## Task requirements
Please restate the data below word for word, omitting all images.

## Dataset extract
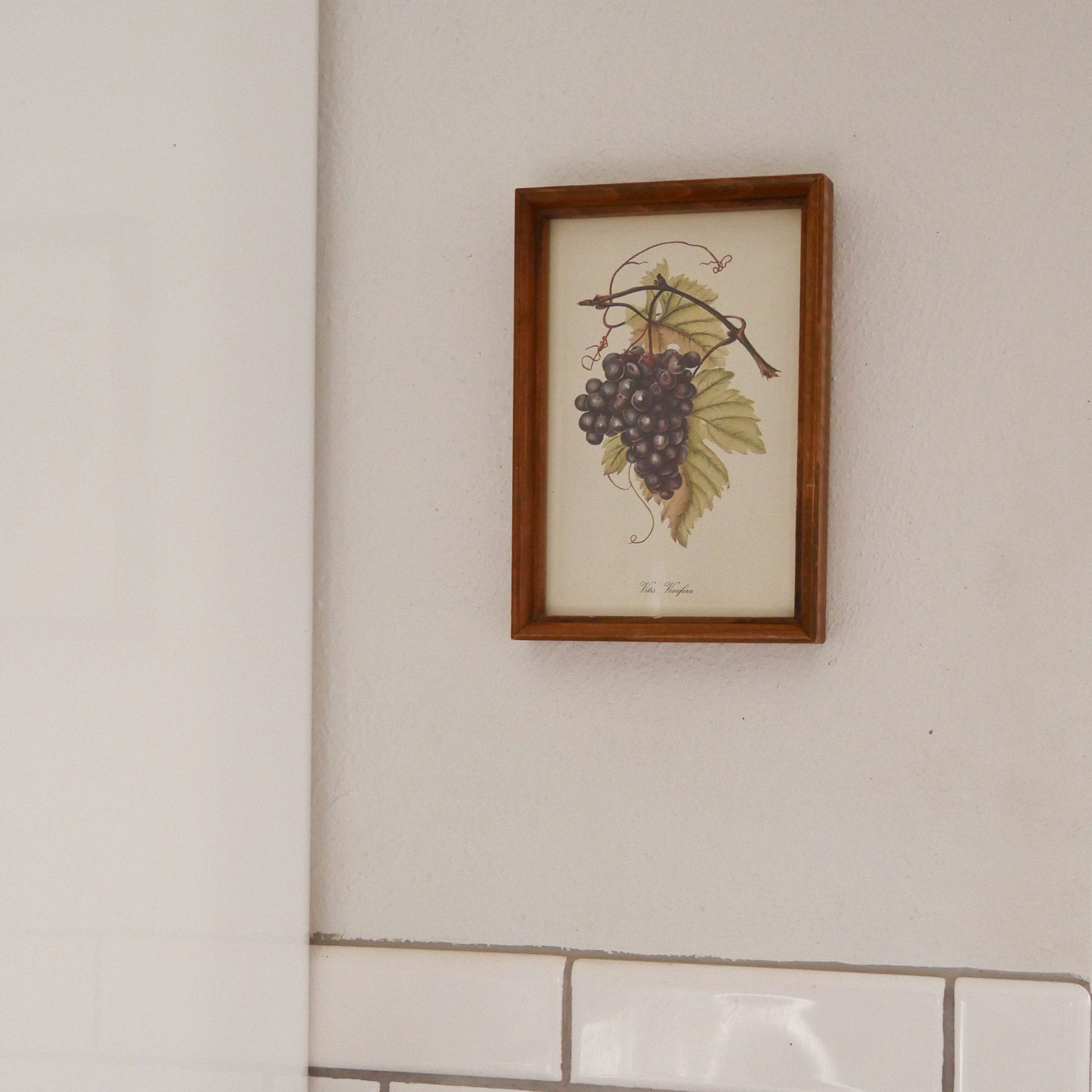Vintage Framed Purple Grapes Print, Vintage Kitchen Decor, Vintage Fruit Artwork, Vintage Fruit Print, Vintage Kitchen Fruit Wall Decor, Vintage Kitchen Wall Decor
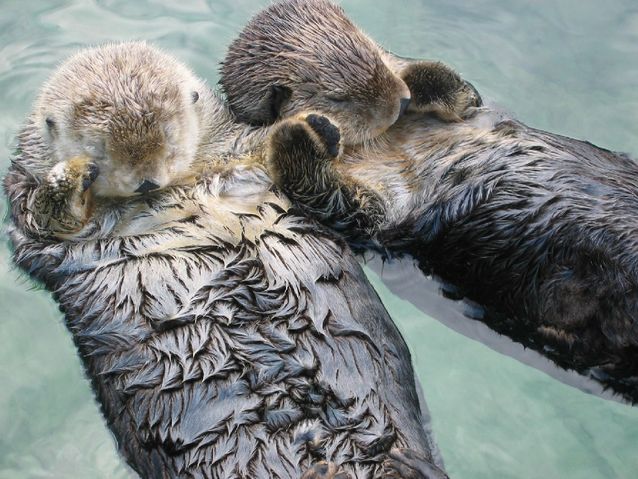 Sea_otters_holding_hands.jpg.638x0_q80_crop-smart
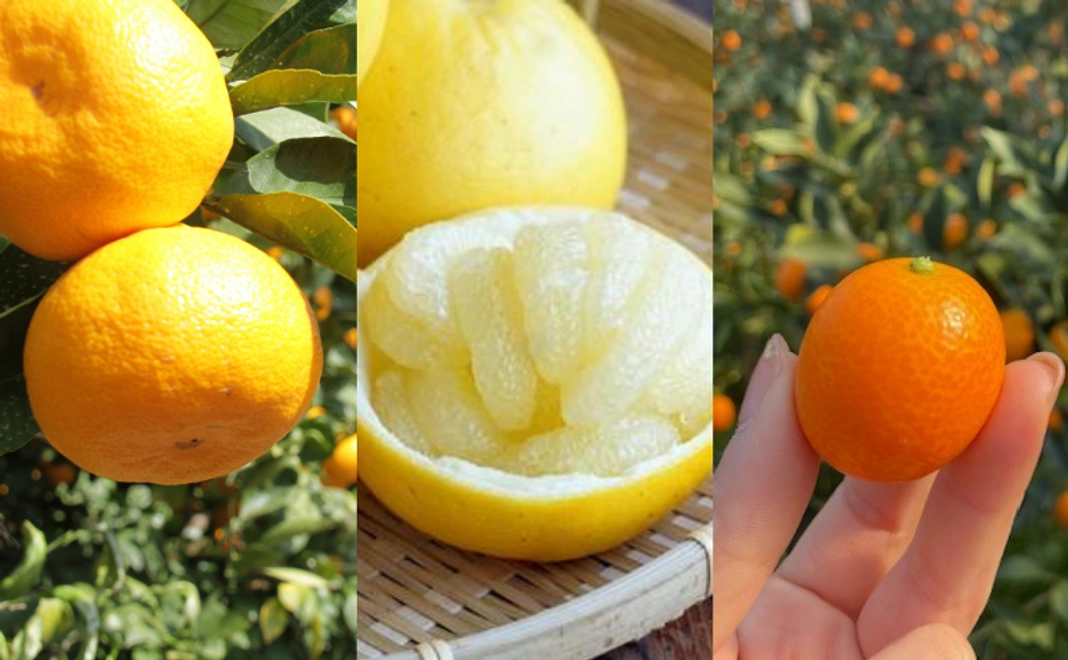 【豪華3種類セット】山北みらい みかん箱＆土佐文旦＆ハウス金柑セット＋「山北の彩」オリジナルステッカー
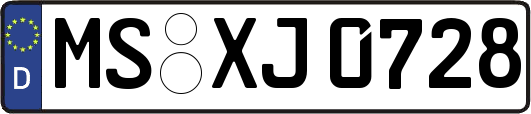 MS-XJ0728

## Answer to this task
Vintage Framed Purple Grapes Print, Vintage Kitchen Decor, Vintage Fruit Artwork, Vintage Fruit Print, Vintage Kitchen Fruit Wall Decor, Vintage Kitchen Wall Decor
 Sea_otters_holding_hands.jpg.638x0_q80_crop-smart
 【豪華3種類セット】山北みらい みかん箱＆土佐文旦＆ハウス金柑セット＋「山北の彩」オリジナルステッカー
 MS-XJ0728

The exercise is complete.